While NDUs have been commonplace in the storage industry for about a decade, most of the new all-flash appliances and/or array products don’t support them, let alone host-based PCIe flash architectures which make NDU impossible without mirroring flash cards.  For some it is an issue of maturity – NDU is a difficult feature that requires a mature HA model.  For others it is a challenge given architecture –  highly-integrated single-appliance designs which rely on firmware at several layers of IO modules, RAID cards, and FPGA-based flash controllers are inherently difficult if not impossible to upgrade online.

Pure Storage has supported non-disruptive upgrades since our move to our Purity 2.x codebase, as in our minds NDU was a core feature of the broader high availability feature set.  The Pure Storage architecture features clustered active/active controllers, and both controllers are capable of serving the entire performance of the array individually – this means that the array can continue at its maximum performance rate through either an unplanned outage like a controller failure, or a non-disruptive upgrade event.

How does a Pure Storage non-disruptive software upgrade work?
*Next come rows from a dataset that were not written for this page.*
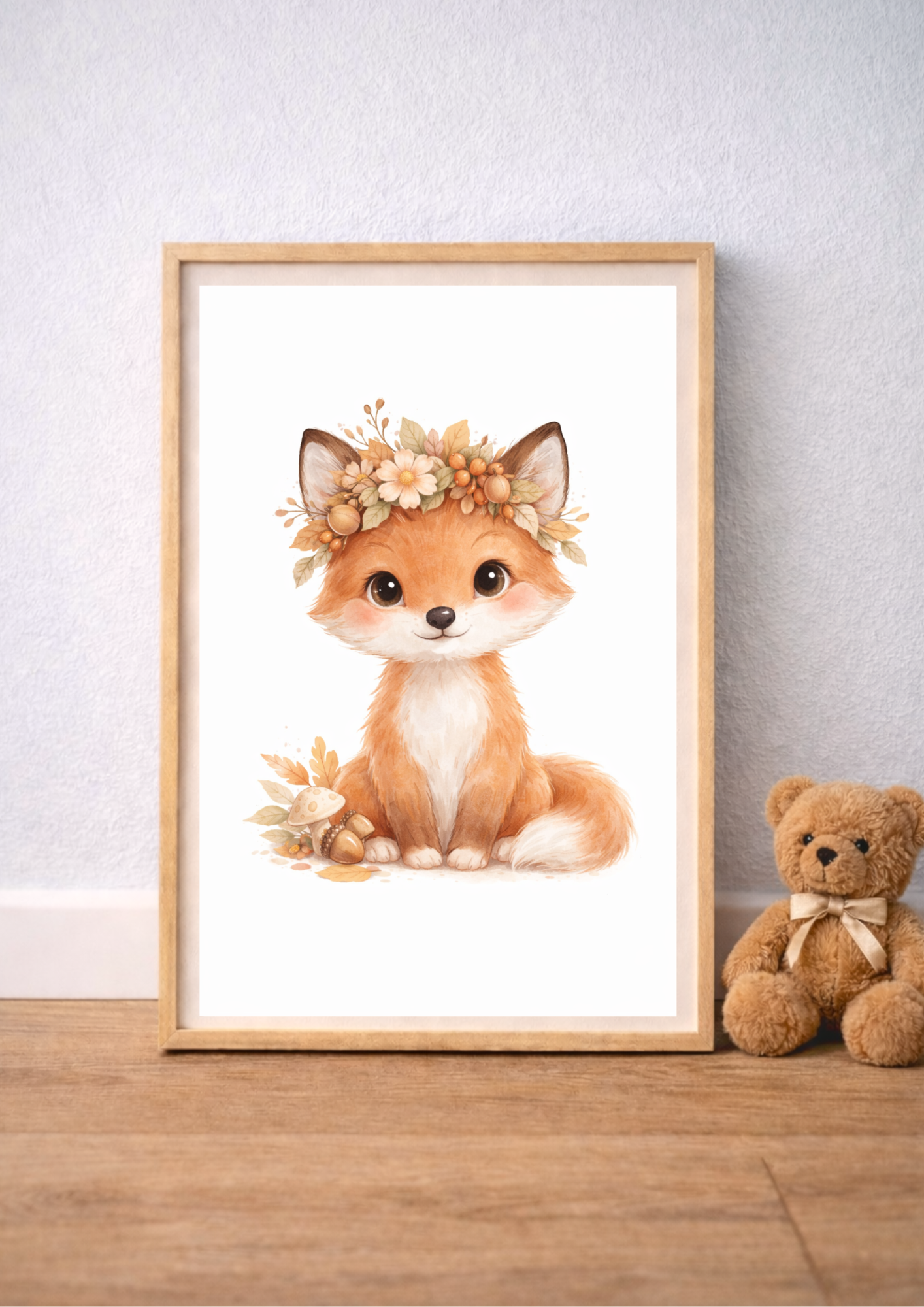 Trio d’affiches animaux forêt pour chambre bébé – renard, lapin et hérisson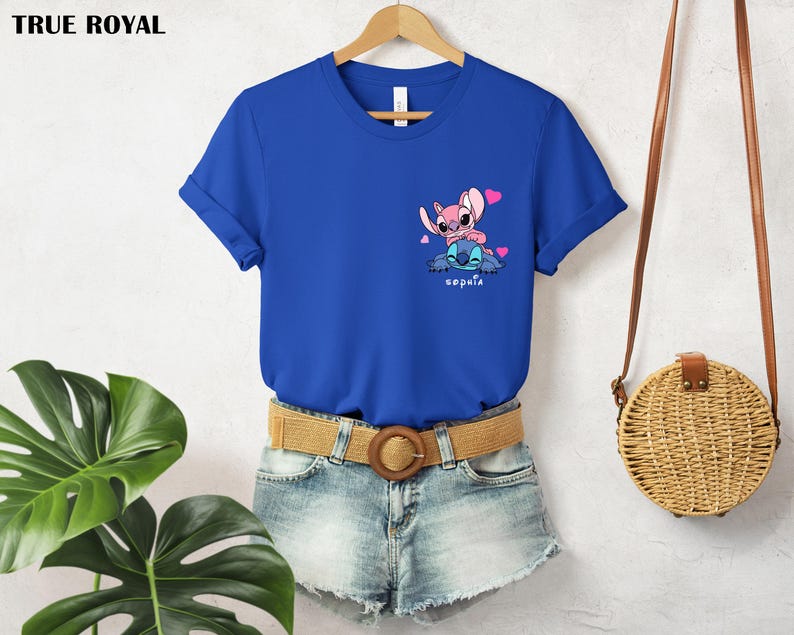 Custom Angel and Stitch Valentine Shirt, Custom Name Lovers Tshirt, Matching Couple Gift, Boyfriend Girlfriend Personalized Shirt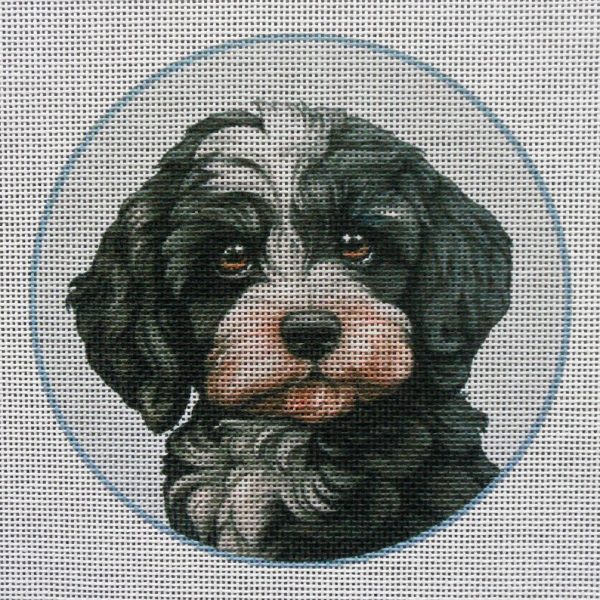 Black Cavapoo Needlepoint Canvas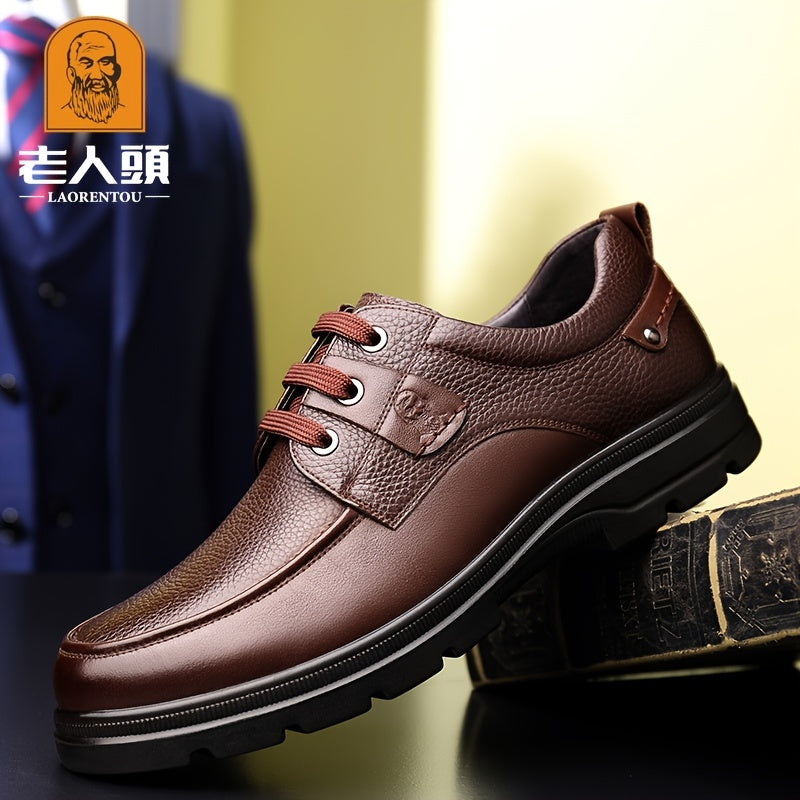 LAORENTOU Men's Oxfords Leather Dress Shoes Comfortable Durable Non Slip
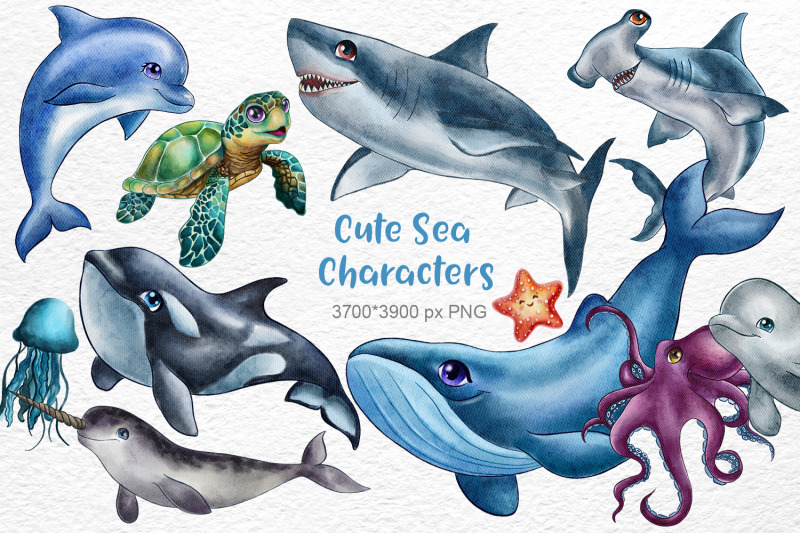 cute-sea-characters-watercolor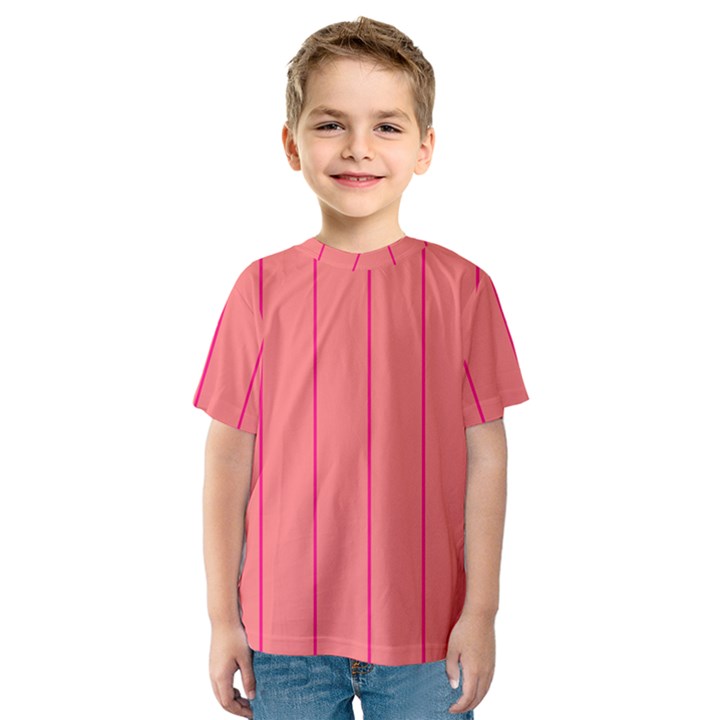 Background Image Vertical Lines And Stripes Seamless Tileable Deep Pink Salmon Kids  Sport Mesh Tee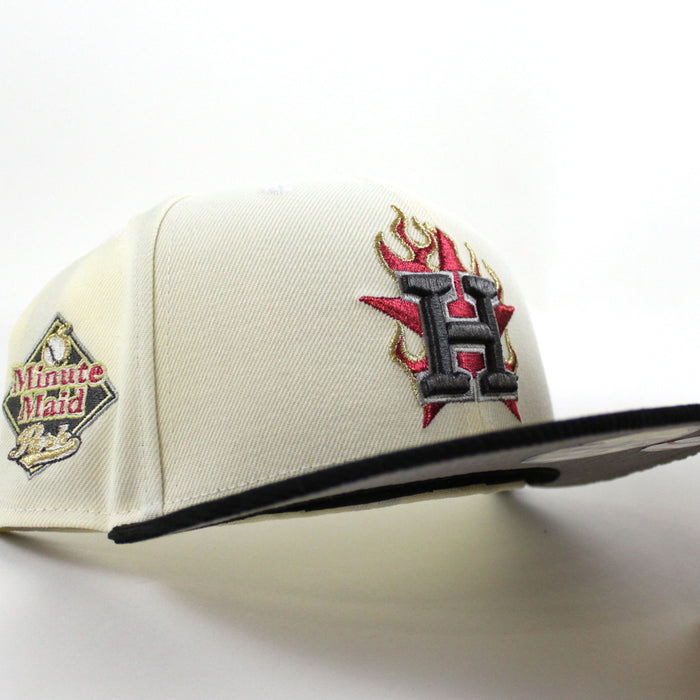 Houston Astros Minute Maid Park New Era 59Fifty Fitted Hat (Chrome White Black Gray Under Brim)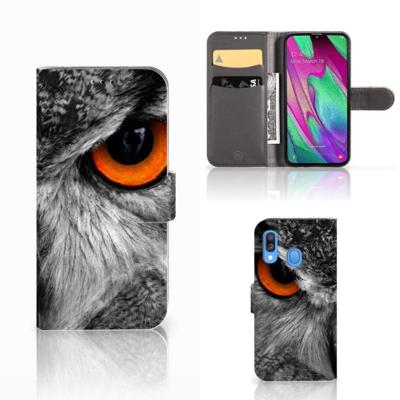 Samsung Galaxy A40 | Telefoonhoesje | Met pasjeshouder | Uil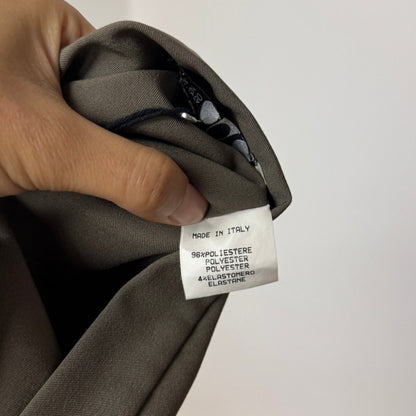 Vintage Italian khaki low rise wide leg trousers deadstock with tag and extended length (S/M)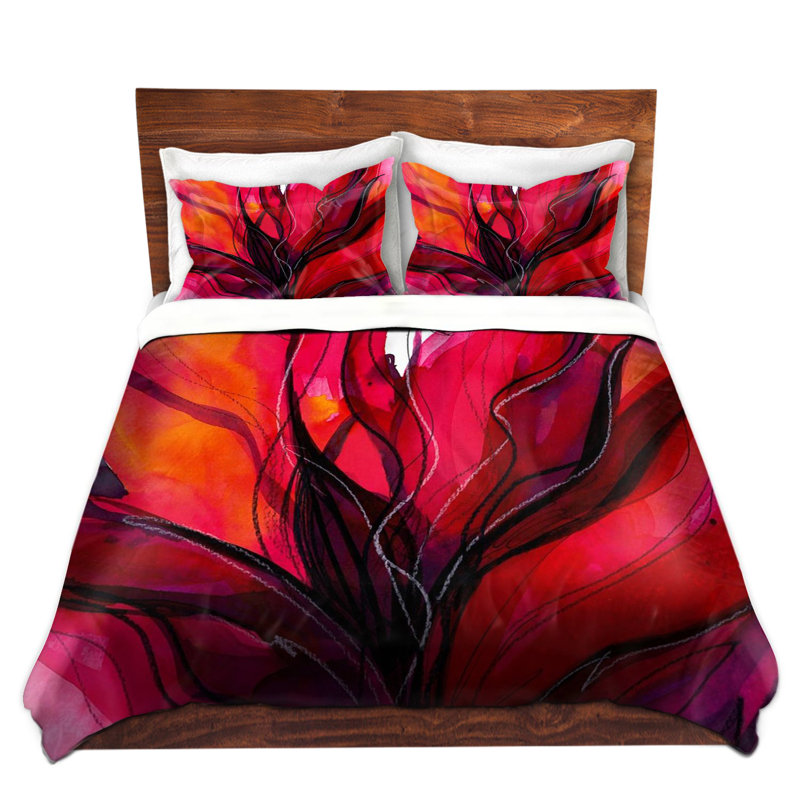 Ensemble de housse de couette fleur d’âme, 1 housse + 2 taies très grand lit
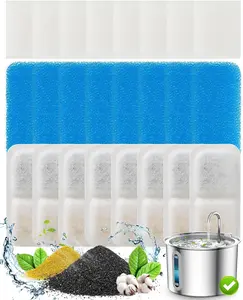 oneisall 8 Pack Replacement Filters for PWF-001 2L/67oz Cat Water Fountain Stainless Steel Water Fountain for Cats Inside, 3 Filtration System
Here is the process for upgrading the software on a Pure Storage FlashArray:

  • First, it is important to understand that although the FlashArray is active/active from an IO port perspective (all volumes are available on all 4 ports of both controllers), it is active/passive from an IO processing perspective (meaning that all IO operations are handled on the back-end by one controller).  This was a design decision to ensure that the array can maintain full performance through failure of a controller or upgrades.
  • When the upgrade process is initiated, the new Purity Operating Environment software is first installed and staged on the secondary controller that isn’t processing back-end IO, let’s call it CT0.
  • CT0 is then re-booted, at which time its ports become inactive and host multipathing detects the missing ports and automatically directs all IOs to the remaining active controller, CT1.  CT1 handles all IO at the full performance of the array.
  • CT0 re-boots into the upgraded software and re-joins the array, all 8 ports are again active in the array, host multi-pathing detects the ports have returned and can now direct IO across all ports.
  • The new software is then staged onto CT1, and that controller is re-booted to complete the install.  CT0 detects that CT1 has gone offline, and takes-over all IO processing for the array, just as it would if there was a normal HA failure of CT1.  Host multipathing is used to detect the offline ports on CT1, and directs all IO to CT0, which now becomes the primary controller.  The array experiences a short multi-second pause in IO while the take-over is being completed, but since this pause is just a few seconds it is easily handled within the SCSI IO timeout limits and managed by host multipathing without disrupting the host/application.
  • After CT1 re-boots, it re-joins the array and all 8 ports are again active, and detected by host multi-pathing.

Customers and vendors have different definitions on what “non-disruptive” means, so for the sake of clarity, our NDU model does not deliver port-level NDU (i.e. the SAN does see port outages as the controllers reboot and relies on host multipathing to work around port outages), however there is never an array-level failure or downtime, and the brief IO pause during the controller role reversal is easily managed within the SCSI IO timeout tolerances, so the application isn’t disrupted.

One other note: our current software update model is CLI-driven, but this function will be automated in the GUI with single-click operation in future releases.